**THE DATA**

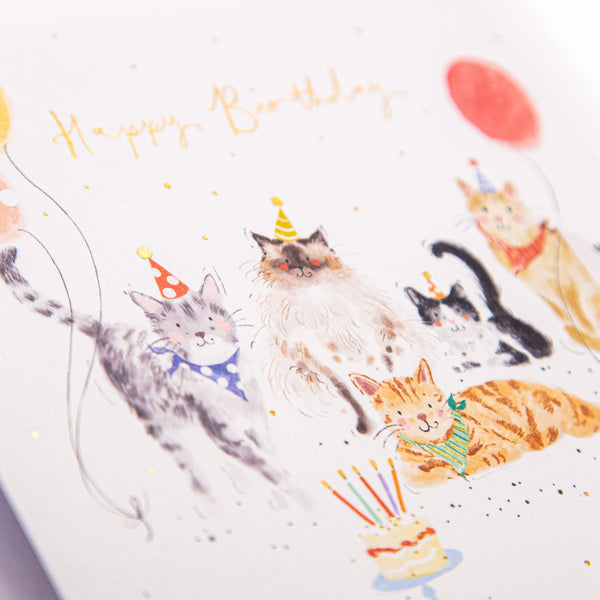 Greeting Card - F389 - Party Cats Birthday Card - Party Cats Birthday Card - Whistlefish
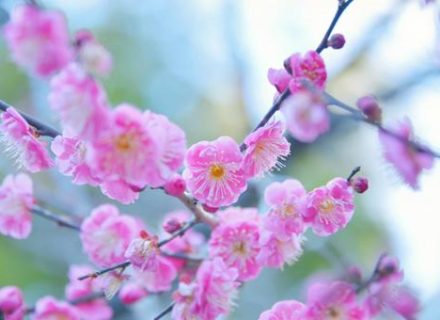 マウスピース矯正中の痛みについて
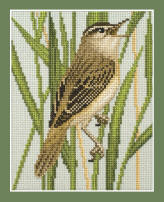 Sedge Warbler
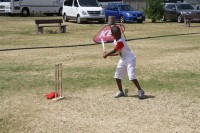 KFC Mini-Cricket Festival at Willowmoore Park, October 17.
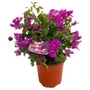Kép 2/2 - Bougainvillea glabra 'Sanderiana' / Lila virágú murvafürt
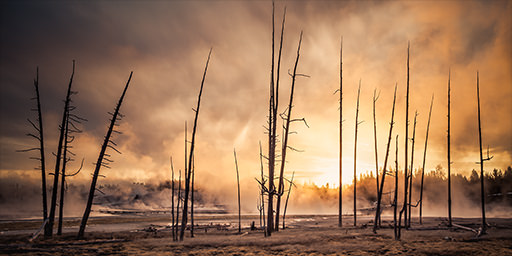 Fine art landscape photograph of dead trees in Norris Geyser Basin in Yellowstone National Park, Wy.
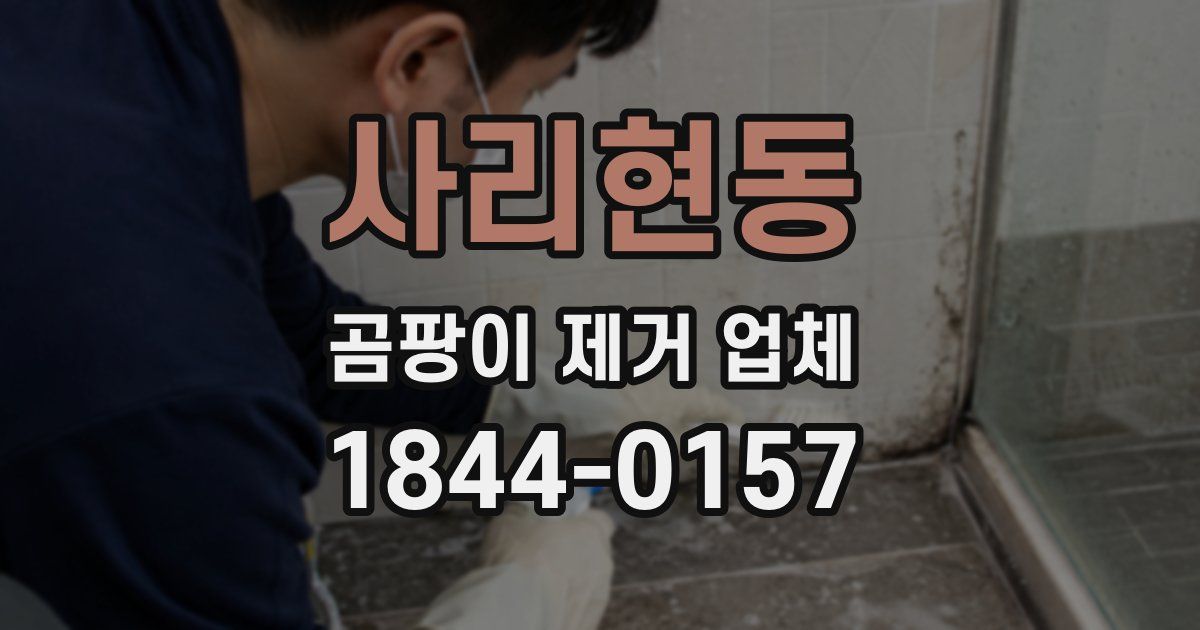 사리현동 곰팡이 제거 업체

**EXERCISE BRIEF**
Pictures stay out; reproduce exactly the lines from the one containing "Fine art landscape" through the end of the data.

**REPLY**
 Fine art landscape photograph of dead trees in Norris Geyser Basin in Yellowstone National Park, Wy.
 사리현동 곰팡이 제거 업체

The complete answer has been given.